Deep neural networks achieve excellent performance in face recognition tasks, but their decision-making processes lack interpretability, which is a serious concern in high-risk application scenarios.
This paper proposes an intrinsically interpretable alternative by designing models whose decision processes are inherently interpretable, rather than relying on post-hoc analysis methods.
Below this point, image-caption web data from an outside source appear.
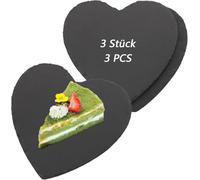 OYEU 3 Pièces Plat Ardoise Cœur Plateau 20 x 20 cm | 3 pièces, forme cœur, ardoise noire, 20 x 20 cm, fromage, dessert, apéritif, buffet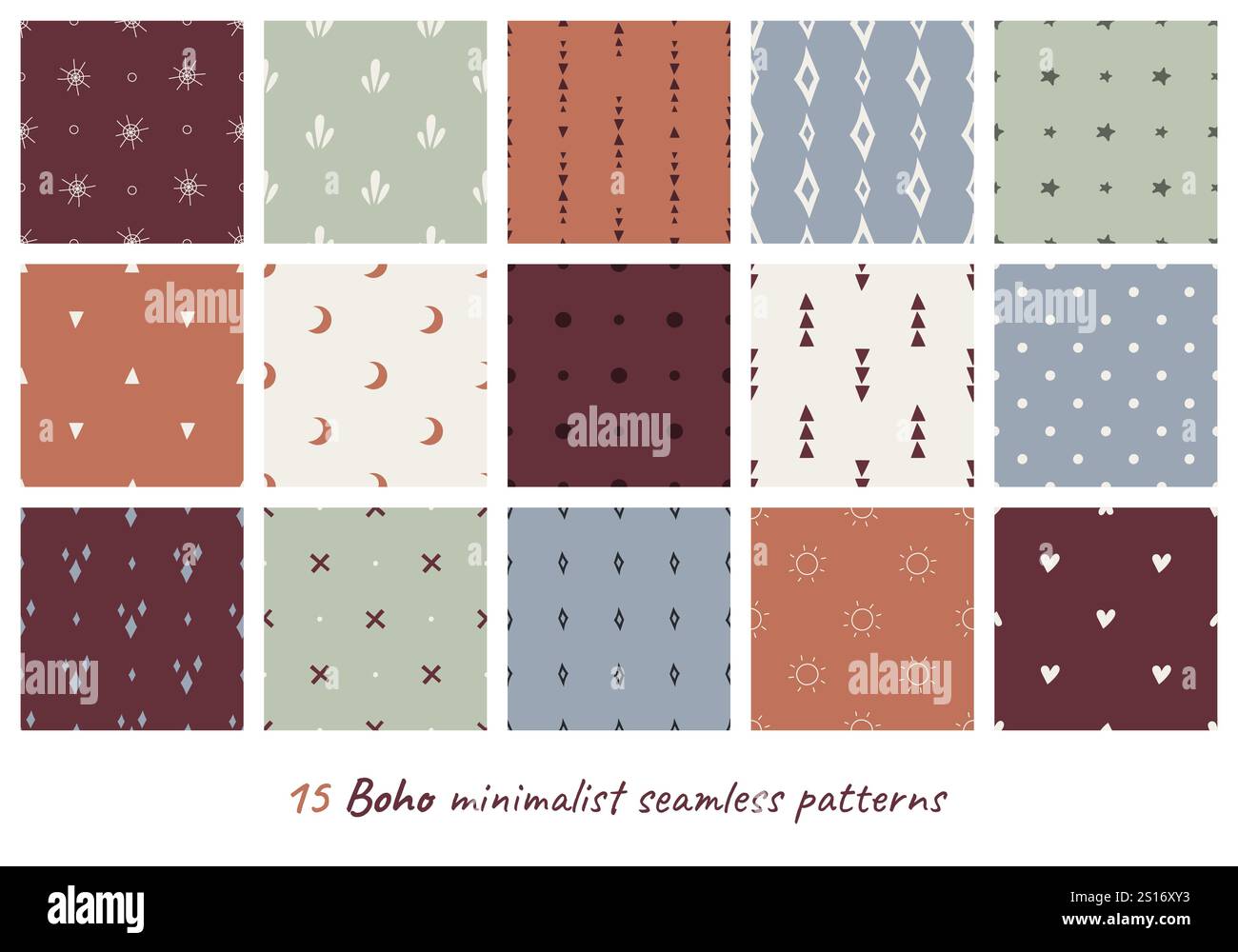 15 nahtlose Muster im Boho-Stil. Stock Vektor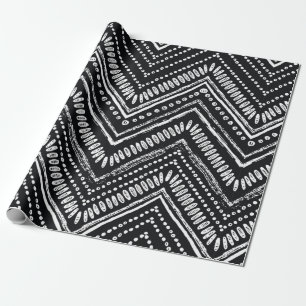 Papel De Presente Padrão desenhado à mão. Zigzag e stripe, tribal
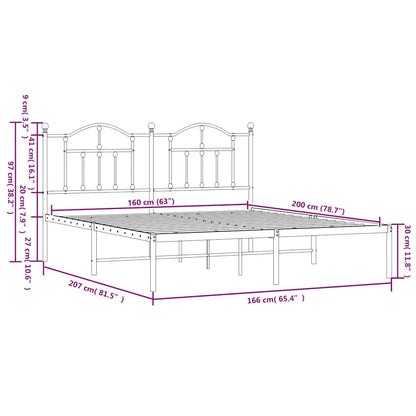 Bettgestell mit Kopfteil Metall Weiß 160x200 cm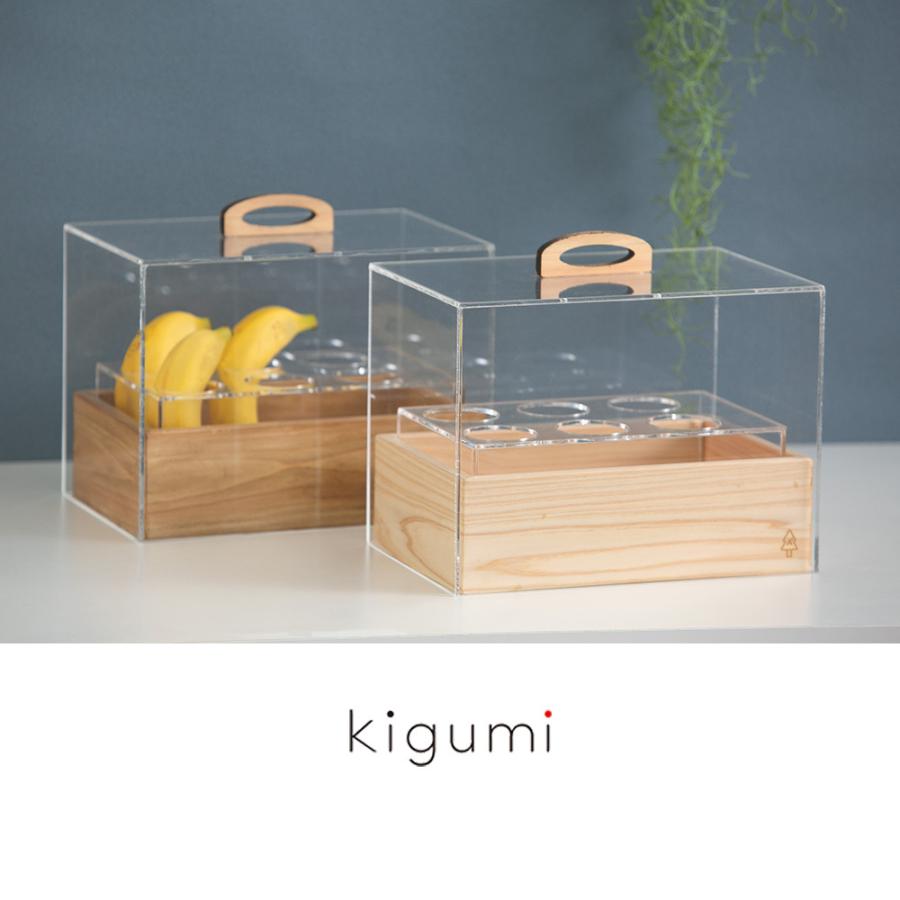 A+ (アクセントプラス) kigumi バナナケース 収納 ケース 保存 保管 ストック ばなな フルーツ 果物 バナナスタンド アンティーク バナナホルダー 木製の画像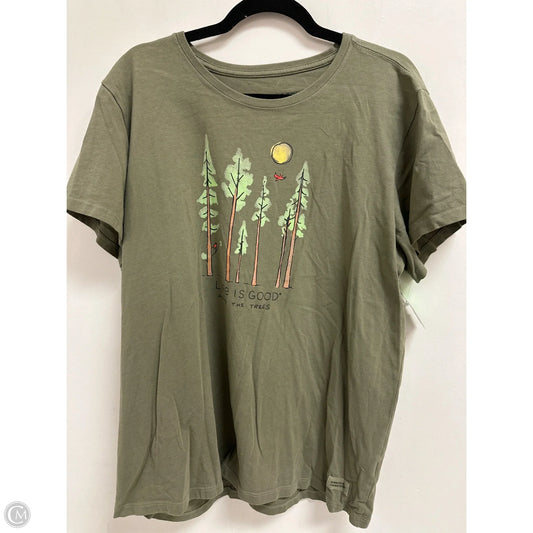 Top Short Sleeve By Life Is Good In Green, Size: 1x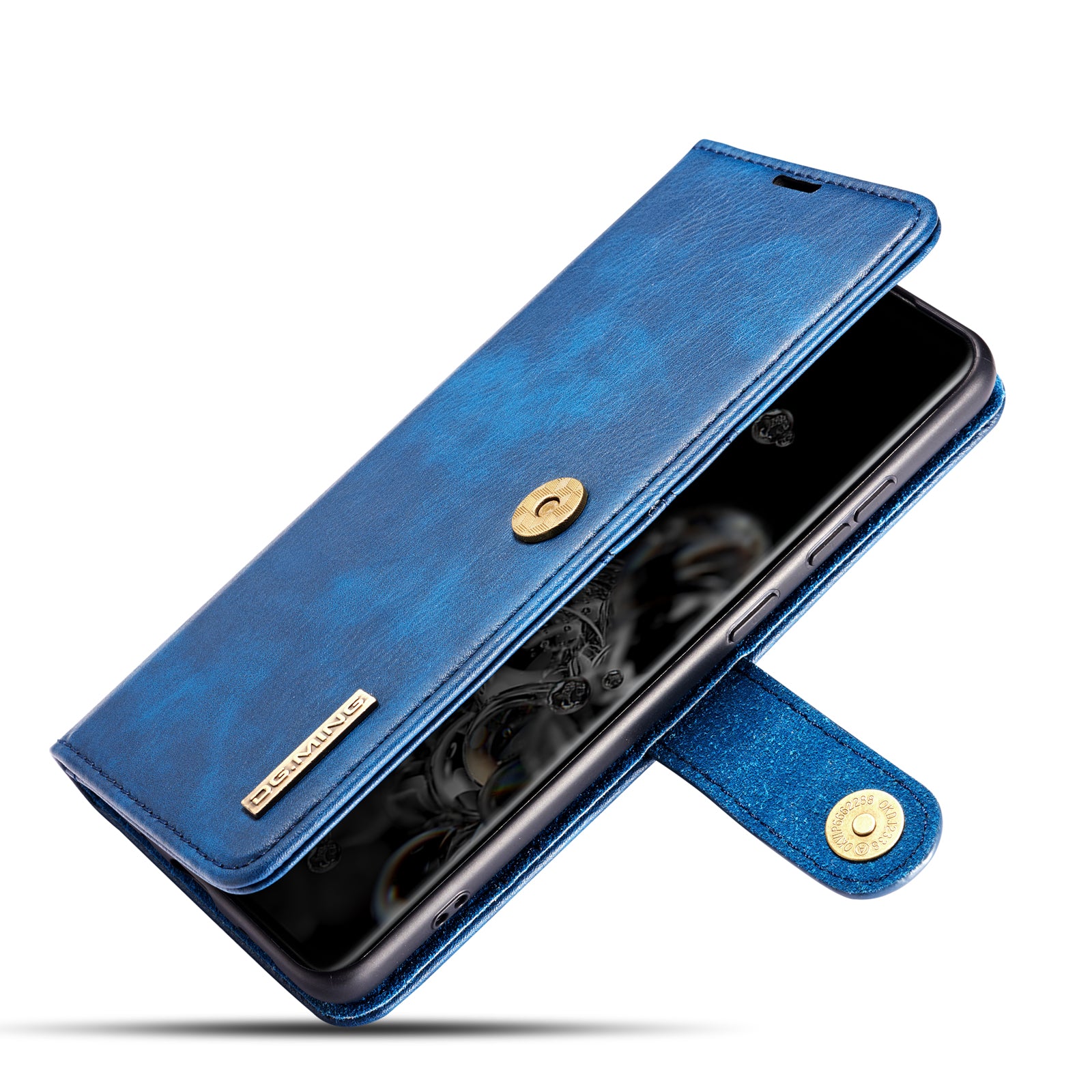 DG.MING Detachable 2-in-1 Split Leather Wallet Shell + PC Back Case for Samsung Galaxy S20 Ultra - Blue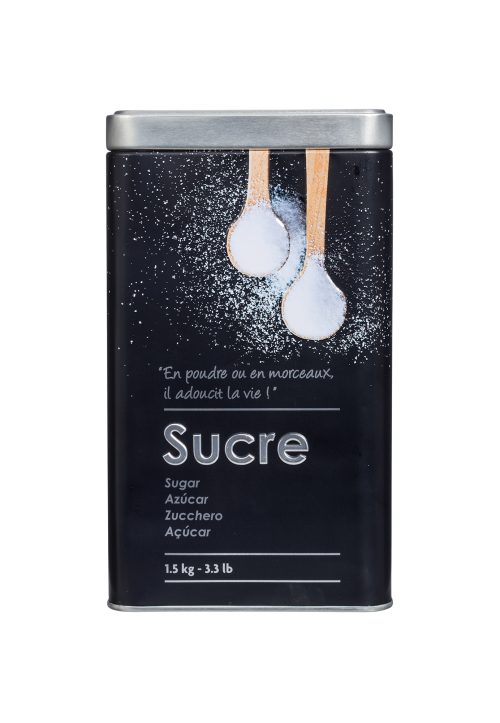 SUGAR BOX EMBOSSE 3D metalen stalen aluminium suiker voorraadblik voorraaddoos bewaarblik bewaardoos opbergdoos vershoudbak zwart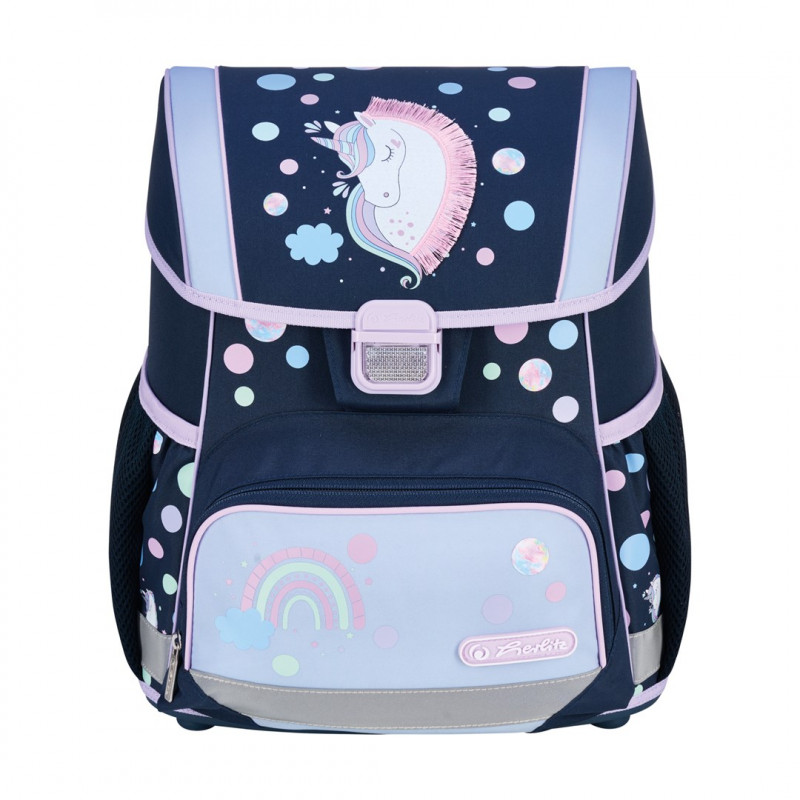 Sada školských tašiek pre prvý stupeň Herlitz Loop Plus Unicorn Dreams, tmavomodrá/ružová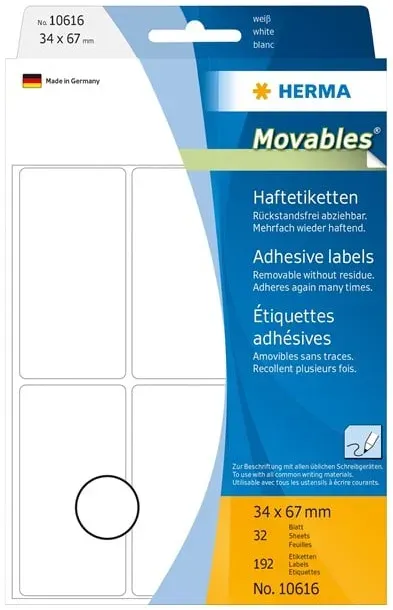 Removable multi-purpose labels 34 x 67 mm white for hand lettering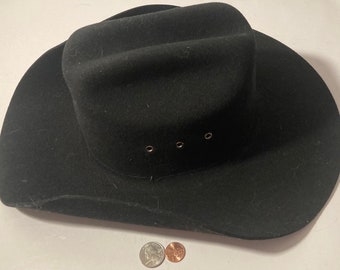 Chapéu de cowboy vintage, preto, Bailey, autoconformável, tamanho 6 5/8, qualidade, cowboy, roupa ocidental, rancheiro, guarda-sol, chapéu muito bonito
Input: Two 112×112 face images A and B
Output: Binary verification decision (same/different identity)
Constraint: Decision process must be interpretable as a combination of local region contributions
The paper cites 68 related references, primarily covering:
Explainable AI methods (Rudin 2019, Chen et al. 2019)
Face recognition techniques (Deng et al. 2019, Kim et al. 2022)
Deep learning architectures (He et al. 2016)
Evaluation benchmark datasets (Huang et al. 2007, Wu et al. 2024)
Summary: This paper proposes an innovative face verification method based on restricted receptive fields, successfully achieving intrinsic interpretability while maintaining high performance. This work provides valuable new insights for the explainable AI field, particularly suitable for high-risk application scenarios requiring decision transparency. Despite limitations such as computational overhead and insufficient theoretical analysis, its innovation and practical value make it an important contribution to the field.